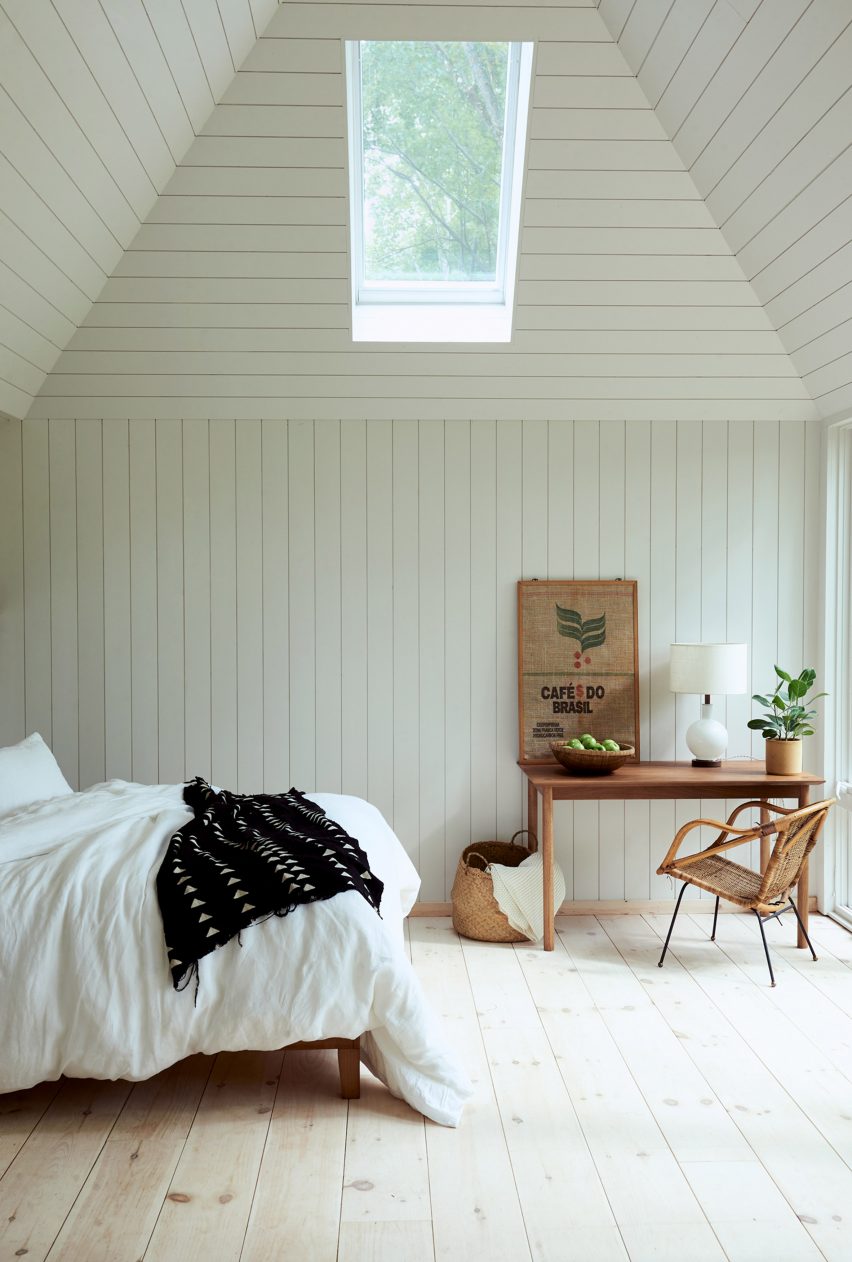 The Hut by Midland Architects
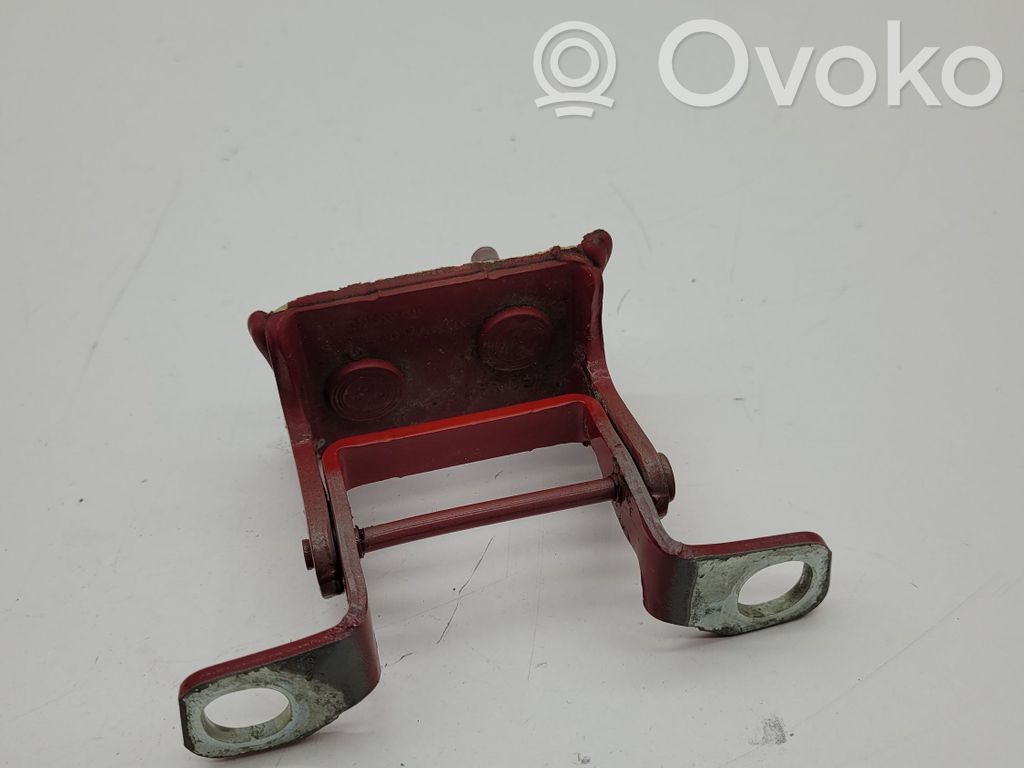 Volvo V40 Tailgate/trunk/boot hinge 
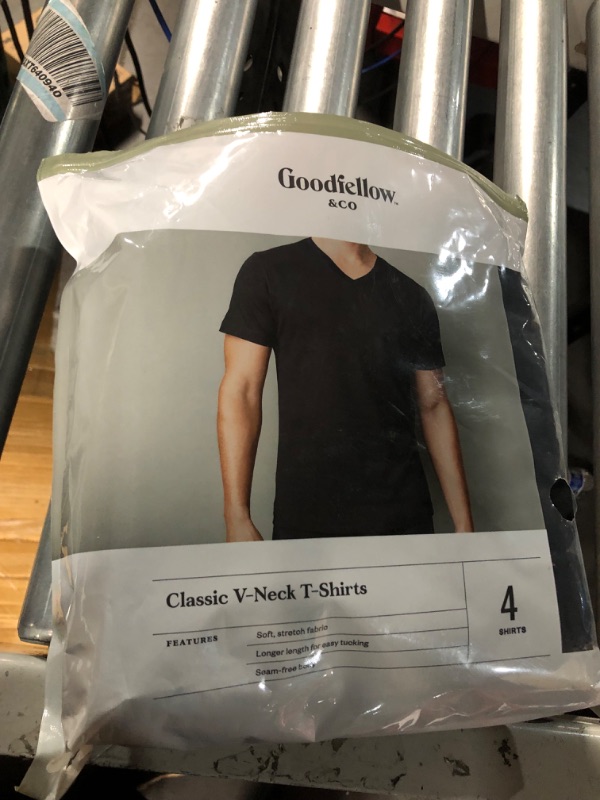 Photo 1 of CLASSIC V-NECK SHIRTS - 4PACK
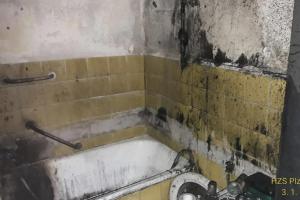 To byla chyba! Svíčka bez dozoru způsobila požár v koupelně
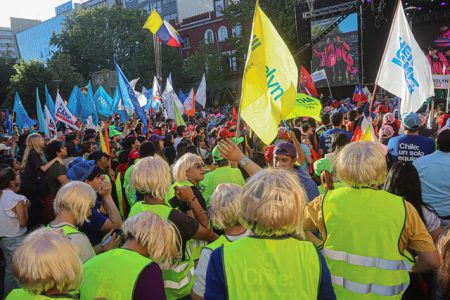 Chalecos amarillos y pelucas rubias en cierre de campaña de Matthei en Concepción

- - -

» ABOUT THIS EXERCISE: Please copy exactly the lines from the one containing "Volvo V40 Tailgate/trunk/boot hinge" through the last line of the records, both ends included, and leave out any pictures.

» OUTPUT OF THE TASK:
 Volvo V40 Tailgate/trunk/boot hinge 
 Photo 1 of CLASSIC V-NECK SHIRTS - 4PACK
 To byla chyba! Svíčka bez dozoru způsobila požár v koupelně
 Chalecos amarillos y pelucas rubias en cierre de campaña de Matthei en Concepción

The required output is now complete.